Semaine 4. Vous devez maintenant vous confronter aux autres blancs, détenteurs de privilèges blancs mais qui ignorent ou feignent d’ignorer leurs privilèges. Le féminisme blanc, les leaders blancs, les amis blancs et la famille blanche passent à la moulinette. Je comprends mieux maintenant l’expression “laver plus blanc que blanc.”

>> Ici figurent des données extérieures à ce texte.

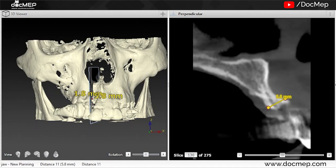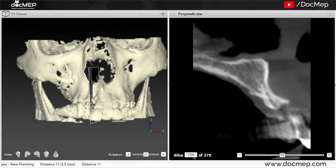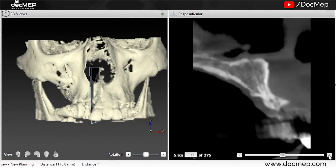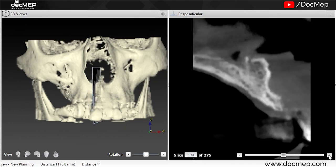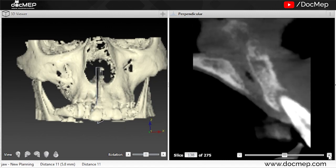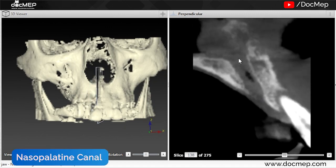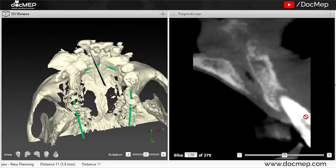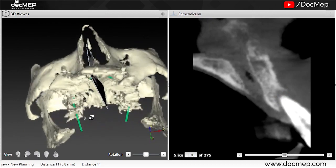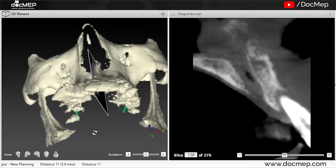Let us check the left side of the same patient. As I approach towards the center, this is the nasopalatine canal region. This tooth is almost out of the socket — almost there is no bone at all. This is easy to communicate with the patient; they understand better.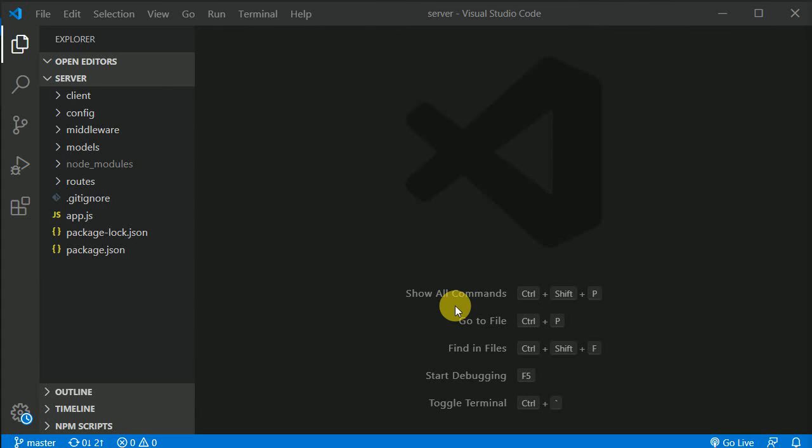So now in this section, we are going to add one more feature in our application that is a forgot password or reset password. If user has forgot their password, they can reset it. So almost all the website has this feature to reset the password.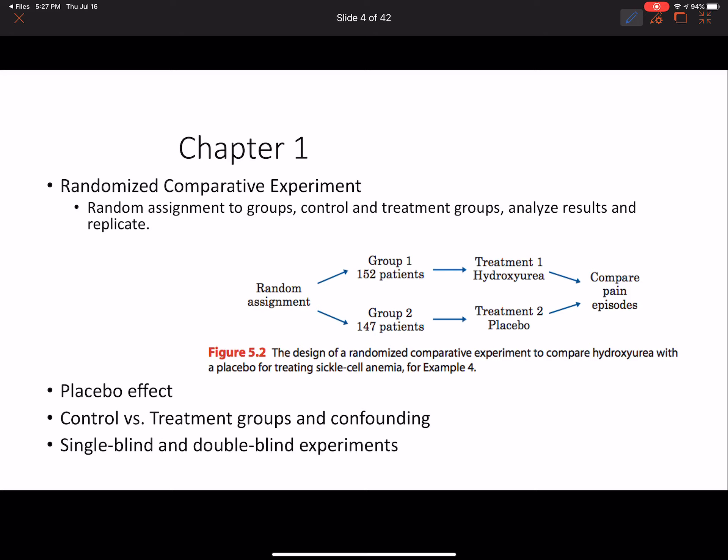We also discussed the randomized comparative experiment, where random assignment reduces bias across two or more groups. Each group is designated as a treatment or placebo group for control, and at the end we compare results. The placebo keeps things constant and controlled, treating participants in both groups exactly the same to reduce bias. Don't forget confounding variables — other factors that could influence the desired outcome that we must control for — and single-blind and double-blind experiments.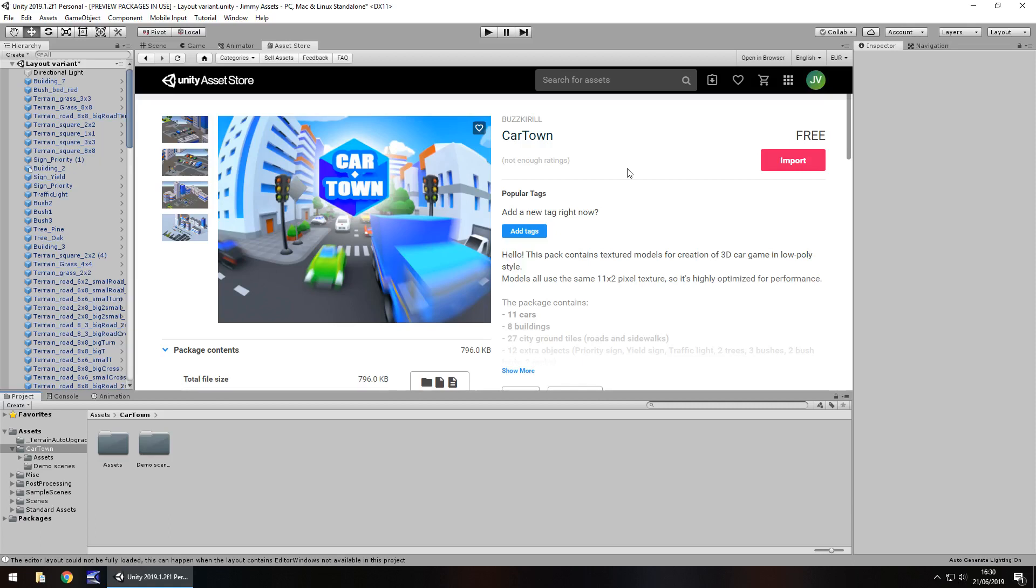Hey guys, Jimmy Vegas here and today we are taking a look at an asset in the Unity asset store called Cartown. Now it's a low poly asset and I think it actually looks quite nice.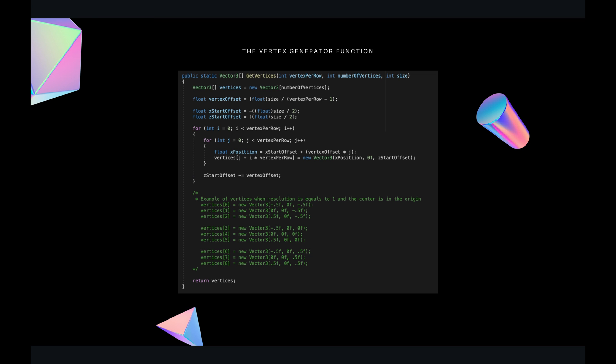For vertex generation, we are considering a plane that lies on the X and Z axis without any height. You can use this function to generate a plane. Here is an example of vertices when you have a resolution of 2 — which in my case is actually resolution 1 because I'm using a zero-indexed resolution. If you want to understand why the vertices are placed in a certain way, take a piece of paper, draw them out, and figure out the operations needed to generate them.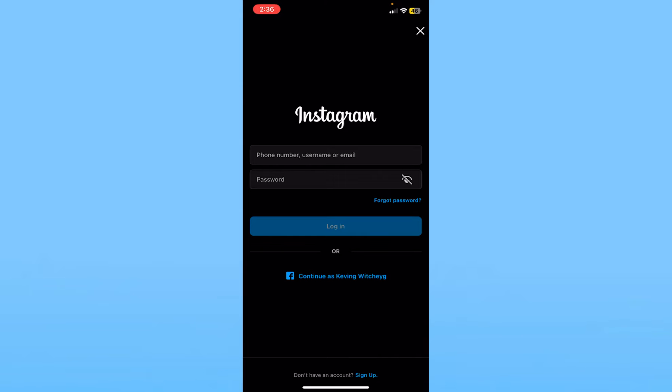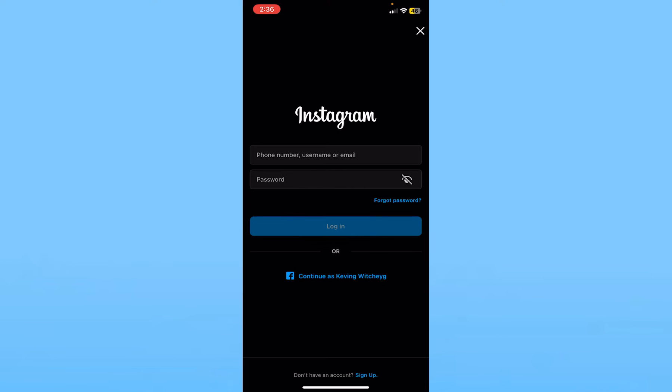The other way to log in to your Instagram is over here. Enter your phone number, username, or email - you can enter any one of these three. Then enter the password of your account and click on login, and you will be able to log in to your Instagram account.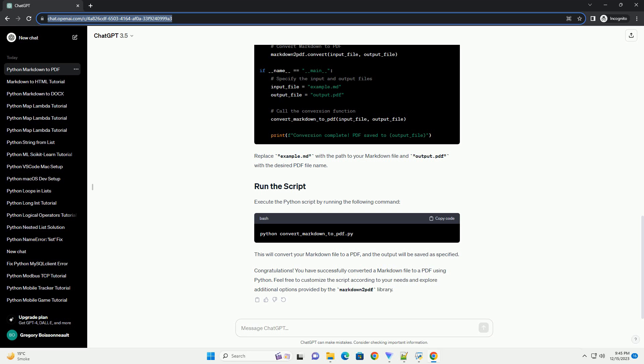Execute the Python script to perform the conversion. This will create a PDF file named output.pdf in the same directory as your script. Congratulations! You've successfully converted a Markdown file to PDF using Python and the Markdown 2 PDF library. This process can be easily integrated into your workflow for creating documentation, reports, or any other textual content in Markdown format.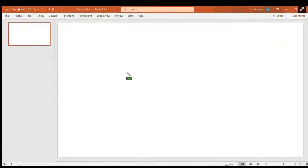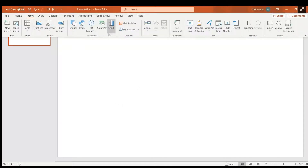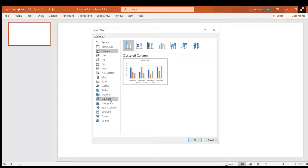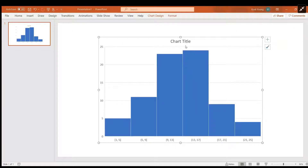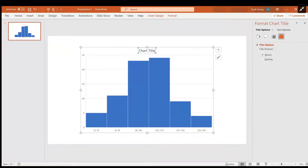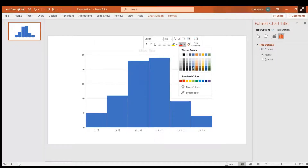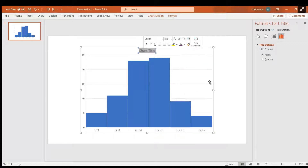To change the color of the font on your histogram chart in PowerPoint, come over here, highlight your chart title, and then just change it — you can pick whatever color you choose.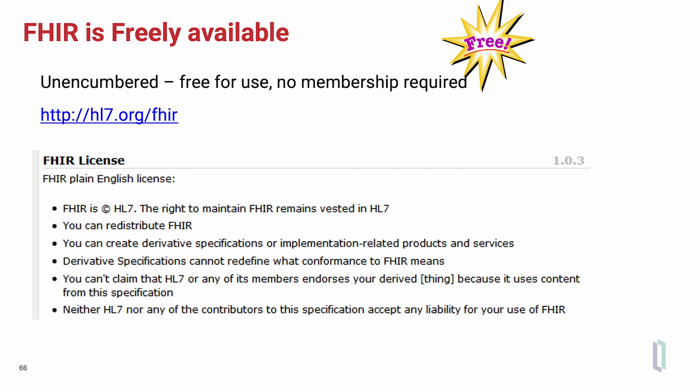With that, I will conclude this final element of the overview of the FHIR specification.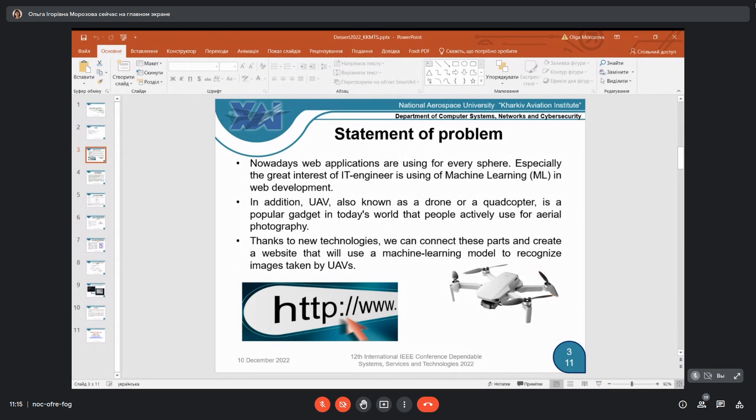Nowadays it's also used for other goals, but it's very popular. Thanks to new technologies, we can connect these parts and create a website that will use a machine learning model to recognize images taken by UAVs.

« Vos réponses vous ont révélé ce que vous deviez voir sur votre complicité et votre relation avec la suprématie blanche », conclut notre coach antiraciste. Le blanc, exténué, a maintenant une « base solide pour avancer dans son combat antiraciste. » Ce qu’il y a de bien avec ce genre d’ouvrages, courts, instructifs, intellectuellement au-dessus du lot (!), c’est qu’on a vraiment l’impression, après lecture, d’être plus intelligent qu’avant. On comprend mieux pourquoi Sciences Po a tenu à promouvoir ce livre auprès des futures élites de ce pays. Notons que pour s’informer sur la crise climatique, Sciences Po recommande également à ses étudiants de potasser l’appel de Greta Thunberg, Notre maison brûle. Et dire qu’il y en a qui pensent que le niveau baisse…
Nota Bene: Mme Saad peut être fière de sa méthode. Suivant son exemple et celui des journalistes du New York Times, après seulement quatre semaines de coaching antiraciste, chacun aura noté que je n’écris plus le mot “blanc” qu’avec un petit “b” riquiqui. Plus intelligent qu’avant, vous dis-je.